This is when people combine their best qualities – such as caring, strengths and creativity – to produce positivity, ‘win-win’ outcomes and peak performance.

Negative Synergy

This is when people combine their worst qualities – such as prejudice, weaknesses and group think – to produce negativity, ‘win-lose’ or ‘lose-lose’ outcomes and poor performance.

Today the word synergy is used in business, sports and other areas where people combine their talents. But the term was used many years by the anthropologist Ruth Benedict.

She emphasised the idea of synergy after studying various cultures for her books, such as Patterns of Culture. Her work on this topic from the 1930s onwards was highlighted by Abraham Maslow.

Patterns of culture

Moving on from his work on self-actualising individuals, he focused on how to build groups, organisations or societies where people were able:

To fulfil their own needs.

To ensure that others could fulfil their needs.

This led to him reminding people of Ruth Benedict’s studies of various societies. Writing in the 1960s, he described her views of high and low synergy. These were:

Benedict’s Concept of High Synergy

A high synergy group or society is one in which the interests of individuals and the interests of the group as a whole are in harmony. This would produce a healthy group or society.

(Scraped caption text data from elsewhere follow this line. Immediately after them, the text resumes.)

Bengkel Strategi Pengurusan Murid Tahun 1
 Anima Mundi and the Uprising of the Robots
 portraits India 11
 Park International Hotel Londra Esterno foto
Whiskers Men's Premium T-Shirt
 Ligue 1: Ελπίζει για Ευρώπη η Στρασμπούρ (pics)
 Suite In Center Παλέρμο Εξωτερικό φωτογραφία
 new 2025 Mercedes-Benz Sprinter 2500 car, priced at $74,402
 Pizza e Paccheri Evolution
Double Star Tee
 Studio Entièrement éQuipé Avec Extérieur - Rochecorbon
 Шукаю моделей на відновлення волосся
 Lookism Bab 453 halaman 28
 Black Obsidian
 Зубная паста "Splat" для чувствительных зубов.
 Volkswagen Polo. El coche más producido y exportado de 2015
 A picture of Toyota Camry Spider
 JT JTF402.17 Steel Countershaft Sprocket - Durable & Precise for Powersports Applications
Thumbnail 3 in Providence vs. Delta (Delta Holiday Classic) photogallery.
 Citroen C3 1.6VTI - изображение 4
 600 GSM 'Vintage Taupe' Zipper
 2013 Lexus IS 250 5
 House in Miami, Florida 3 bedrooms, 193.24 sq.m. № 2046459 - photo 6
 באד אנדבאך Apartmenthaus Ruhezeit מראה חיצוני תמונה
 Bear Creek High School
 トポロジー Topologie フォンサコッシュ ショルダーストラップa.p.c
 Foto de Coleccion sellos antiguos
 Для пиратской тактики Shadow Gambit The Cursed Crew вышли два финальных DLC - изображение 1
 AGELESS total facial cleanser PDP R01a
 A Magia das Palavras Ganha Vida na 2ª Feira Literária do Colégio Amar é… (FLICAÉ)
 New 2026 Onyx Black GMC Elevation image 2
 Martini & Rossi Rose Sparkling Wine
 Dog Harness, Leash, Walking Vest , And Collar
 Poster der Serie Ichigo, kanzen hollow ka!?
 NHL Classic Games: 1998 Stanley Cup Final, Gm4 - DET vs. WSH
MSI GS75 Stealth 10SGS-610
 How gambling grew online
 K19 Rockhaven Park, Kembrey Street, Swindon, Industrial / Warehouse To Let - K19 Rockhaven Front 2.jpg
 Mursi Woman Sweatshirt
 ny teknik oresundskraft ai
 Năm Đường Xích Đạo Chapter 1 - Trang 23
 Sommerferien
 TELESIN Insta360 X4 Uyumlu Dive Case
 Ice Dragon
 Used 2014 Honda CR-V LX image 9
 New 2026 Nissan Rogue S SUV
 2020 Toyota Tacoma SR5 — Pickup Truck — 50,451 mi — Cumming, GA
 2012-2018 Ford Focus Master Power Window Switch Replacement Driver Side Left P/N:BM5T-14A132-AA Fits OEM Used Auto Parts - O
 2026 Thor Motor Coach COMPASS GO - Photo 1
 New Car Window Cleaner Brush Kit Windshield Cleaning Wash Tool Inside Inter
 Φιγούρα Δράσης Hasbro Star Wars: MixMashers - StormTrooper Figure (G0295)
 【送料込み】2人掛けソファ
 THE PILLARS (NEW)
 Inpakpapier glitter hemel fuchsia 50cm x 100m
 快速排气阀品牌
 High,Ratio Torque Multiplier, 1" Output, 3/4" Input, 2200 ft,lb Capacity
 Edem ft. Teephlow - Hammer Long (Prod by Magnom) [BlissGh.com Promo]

Benedict’s Concept of Low Synergy

A low synergy group or society is one in which the interests of individuals and the interests of the group as a whole are at odds. This would produce an unhealthy group or society.

Maslow’s views on this topic led to books such as Douglas McGregor’s The Human Side of Enterprise and Frederick Herzberg’s Work and the Nature of Man. The aim was to create organisations where people could fulfil their needs, combine their talents and produce superb work.

Creative Teamwork
and Synergy

Many people have explored how to provide the conditions that will enable people to produce synergy. The literature stretches back to volumes on how to create fulfilling work places and, for example, Utopian Societies.

From the 1970s onwards, however, it became more popular to focus on how people took responsibility for playing their part in building great teams.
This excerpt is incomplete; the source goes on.